Yesterday’s announcement that Karen King is publishing an ancient Coptic text that refers to the wife of Jesus has once again opened up the question of whether Jesus was married. Let me first state for the record that I do NOT think that Jesus was ever married. What I mean is that I consider this to be more likely than the alternative. However, I don’t think that a married Jesus is entirely outside the realm of possibility.
If we limit our historical sources to those from the first century, which are undoubtedly the best candidates for any reliable information, then we will find that there is no explicit statement in either direction. No author states that Jesus was married, nor does any claim that he was single. This means that any argument about the matter will be an argument from silence.
For those who are open to the possibility of Jesus being married, there are at least two arguments from silence to consider (I find the second more intriguing):
1) Since the norm for first-century Jewish men was to be married, the silence of the NT authors implicitly points toward Jesus being married as well. Had Jesus not been married, would not at least one writer have alluded to the exceptional nature of Jesus’ singleness?
2) In 1 Corinthians 7 Paul gives instructions concerning marriage and sexual relations between spouses, apparently in response to the Corinthian church’s question about whether it was “good for a man not to touch a woman” (v. 1). He argues that husbands and wives should have sexual relations unless both agree to abstain for a short time (v. 2-5). However, for him this is a concession rather than a command (v. 6). If Paul could have his way, he would wish that all men were single, as he himself was (v. 7). He also hopes that single people and widows will remain unmarried, but recognizes that it might not be possible for everyone to do this (v. 8-9).

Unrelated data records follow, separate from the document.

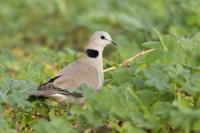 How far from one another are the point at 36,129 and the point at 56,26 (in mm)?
6024

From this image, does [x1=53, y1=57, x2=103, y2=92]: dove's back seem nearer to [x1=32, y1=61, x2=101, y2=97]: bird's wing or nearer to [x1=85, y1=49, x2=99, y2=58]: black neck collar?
[x1=32, y1=61, x2=101, y2=97]: bird's wing

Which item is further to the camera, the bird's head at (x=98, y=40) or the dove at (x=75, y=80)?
the bird's head at (x=98, y=40)

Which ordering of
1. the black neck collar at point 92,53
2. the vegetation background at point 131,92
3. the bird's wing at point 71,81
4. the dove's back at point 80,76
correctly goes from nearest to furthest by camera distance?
the vegetation background at point 131,92, the bird's wing at point 71,81, the dove's back at point 80,76, the black neck collar at point 92,53

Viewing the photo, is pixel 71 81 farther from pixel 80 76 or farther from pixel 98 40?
pixel 98 40

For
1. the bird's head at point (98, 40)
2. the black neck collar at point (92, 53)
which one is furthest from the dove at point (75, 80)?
the bird's head at point (98, 40)

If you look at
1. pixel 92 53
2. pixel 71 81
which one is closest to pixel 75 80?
pixel 71 81

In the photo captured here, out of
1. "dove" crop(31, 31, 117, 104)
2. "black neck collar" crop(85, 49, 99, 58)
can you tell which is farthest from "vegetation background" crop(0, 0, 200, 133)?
"black neck collar" crop(85, 49, 99, 58)

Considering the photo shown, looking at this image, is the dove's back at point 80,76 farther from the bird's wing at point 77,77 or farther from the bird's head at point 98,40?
the bird's head at point 98,40

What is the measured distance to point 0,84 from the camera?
6270 mm

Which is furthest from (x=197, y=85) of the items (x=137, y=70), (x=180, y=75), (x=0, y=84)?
(x=0, y=84)

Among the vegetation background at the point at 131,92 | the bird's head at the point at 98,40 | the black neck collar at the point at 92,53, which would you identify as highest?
the bird's head at the point at 98,40

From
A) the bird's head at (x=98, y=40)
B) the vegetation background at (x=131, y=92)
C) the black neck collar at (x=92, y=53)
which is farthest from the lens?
the bird's head at (x=98, y=40)

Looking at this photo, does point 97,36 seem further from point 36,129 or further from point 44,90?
point 36,129

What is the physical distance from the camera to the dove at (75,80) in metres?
6.24
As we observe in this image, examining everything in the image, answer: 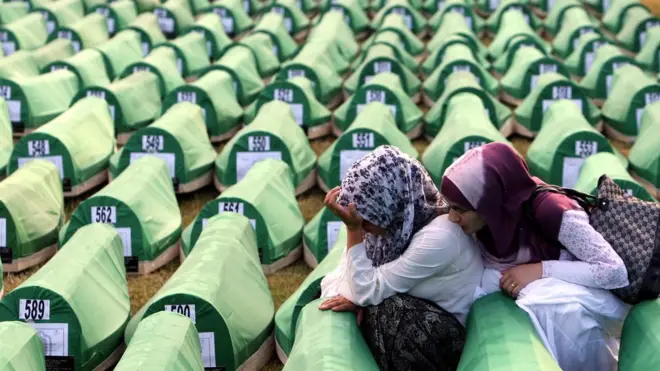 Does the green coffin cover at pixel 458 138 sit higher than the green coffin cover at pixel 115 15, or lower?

We’re now at the point in Paul’s argument that I find most striking for the present question. In verses 10-11, he gives instructions to married people, but he doesn’t convey his own view. Instead, he appeals to the words of Jesus. Immediately after this (v. 12), he resumes expressing his own position.

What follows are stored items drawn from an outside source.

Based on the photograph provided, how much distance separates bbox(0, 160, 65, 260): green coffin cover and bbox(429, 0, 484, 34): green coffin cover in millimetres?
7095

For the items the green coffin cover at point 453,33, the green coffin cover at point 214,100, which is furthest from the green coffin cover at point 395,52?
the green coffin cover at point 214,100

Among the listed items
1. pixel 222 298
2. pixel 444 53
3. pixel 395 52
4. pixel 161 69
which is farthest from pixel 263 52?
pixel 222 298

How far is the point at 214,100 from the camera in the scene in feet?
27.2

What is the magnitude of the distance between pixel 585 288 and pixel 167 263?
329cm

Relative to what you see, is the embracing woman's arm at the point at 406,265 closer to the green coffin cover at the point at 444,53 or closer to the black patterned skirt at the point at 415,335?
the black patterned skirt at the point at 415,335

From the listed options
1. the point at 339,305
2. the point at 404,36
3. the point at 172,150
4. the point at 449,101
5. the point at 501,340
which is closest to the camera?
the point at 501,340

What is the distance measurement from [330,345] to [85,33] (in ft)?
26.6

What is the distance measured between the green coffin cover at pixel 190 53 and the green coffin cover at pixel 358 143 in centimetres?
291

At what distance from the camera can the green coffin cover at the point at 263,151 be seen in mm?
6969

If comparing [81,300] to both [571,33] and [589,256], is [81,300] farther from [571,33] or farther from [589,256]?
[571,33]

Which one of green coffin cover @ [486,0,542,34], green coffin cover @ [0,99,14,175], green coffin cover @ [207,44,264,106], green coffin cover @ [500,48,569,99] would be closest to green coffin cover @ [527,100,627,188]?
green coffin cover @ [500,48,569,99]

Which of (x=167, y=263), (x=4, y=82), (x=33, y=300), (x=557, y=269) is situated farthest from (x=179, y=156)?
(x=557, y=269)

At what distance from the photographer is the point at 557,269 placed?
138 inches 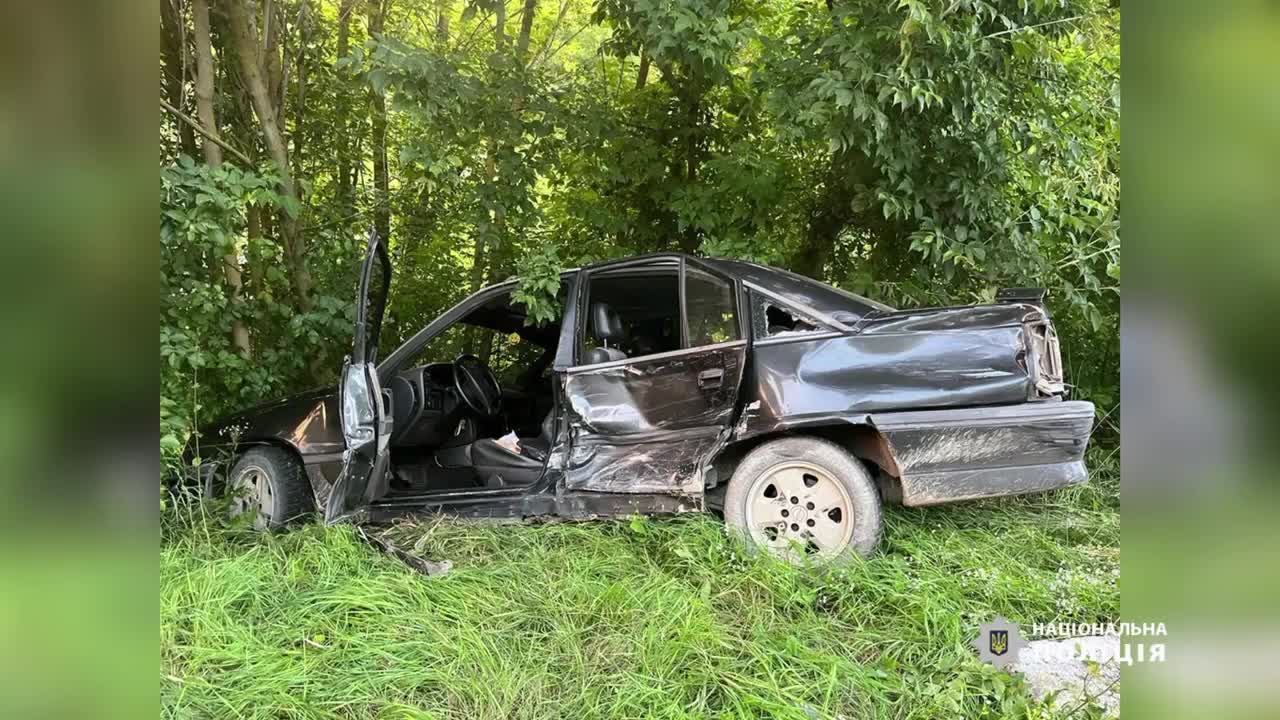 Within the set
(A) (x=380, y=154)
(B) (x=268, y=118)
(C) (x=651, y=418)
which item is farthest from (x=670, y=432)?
(A) (x=380, y=154)

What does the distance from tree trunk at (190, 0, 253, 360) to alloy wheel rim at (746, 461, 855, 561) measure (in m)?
4.12

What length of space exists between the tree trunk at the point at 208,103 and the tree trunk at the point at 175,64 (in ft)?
0.35

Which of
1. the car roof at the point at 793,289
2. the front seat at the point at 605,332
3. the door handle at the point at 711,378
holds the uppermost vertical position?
the car roof at the point at 793,289

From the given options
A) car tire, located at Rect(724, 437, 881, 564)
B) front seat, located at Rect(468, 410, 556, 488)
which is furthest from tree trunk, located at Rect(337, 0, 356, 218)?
car tire, located at Rect(724, 437, 881, 564)

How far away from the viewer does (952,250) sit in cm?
427

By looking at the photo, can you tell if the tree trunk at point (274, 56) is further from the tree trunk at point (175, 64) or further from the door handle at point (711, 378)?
the door handle at point (711, 378)

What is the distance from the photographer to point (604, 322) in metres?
3.75

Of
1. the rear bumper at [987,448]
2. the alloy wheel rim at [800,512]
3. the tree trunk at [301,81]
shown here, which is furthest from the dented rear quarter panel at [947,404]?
the tree trunk at [301,81]

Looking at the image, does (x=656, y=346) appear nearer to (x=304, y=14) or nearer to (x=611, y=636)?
(x=611, y=636)

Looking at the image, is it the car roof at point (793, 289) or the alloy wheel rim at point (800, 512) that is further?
the car roof at point (793, 289)

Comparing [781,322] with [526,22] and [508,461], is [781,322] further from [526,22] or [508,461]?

So let’s piece the argument together…
a) In 1 Cor 7:1-16, when Paul appeals to someone as a model “single” person, he appeals to himself (not Jesus).
b) This is the case even though Paul clearly has the life and words of Jesus in mind as he is writing this, as evidenced by his appeal to Jesus’ teaching about divorce.
c) If Paul knew that Jesus was single, could he not have greatly bolstered his argument in verses 6-9 for the Corinthians to remain single simply by appealing to the greatest example of all – Jesus the single man? In light of the previous point b) indicating that Paul was thinking about the person of Jesus at the time he was constructing this argument, why would Paul not appeal to this fact?
Any and all thoughts are welcome as always!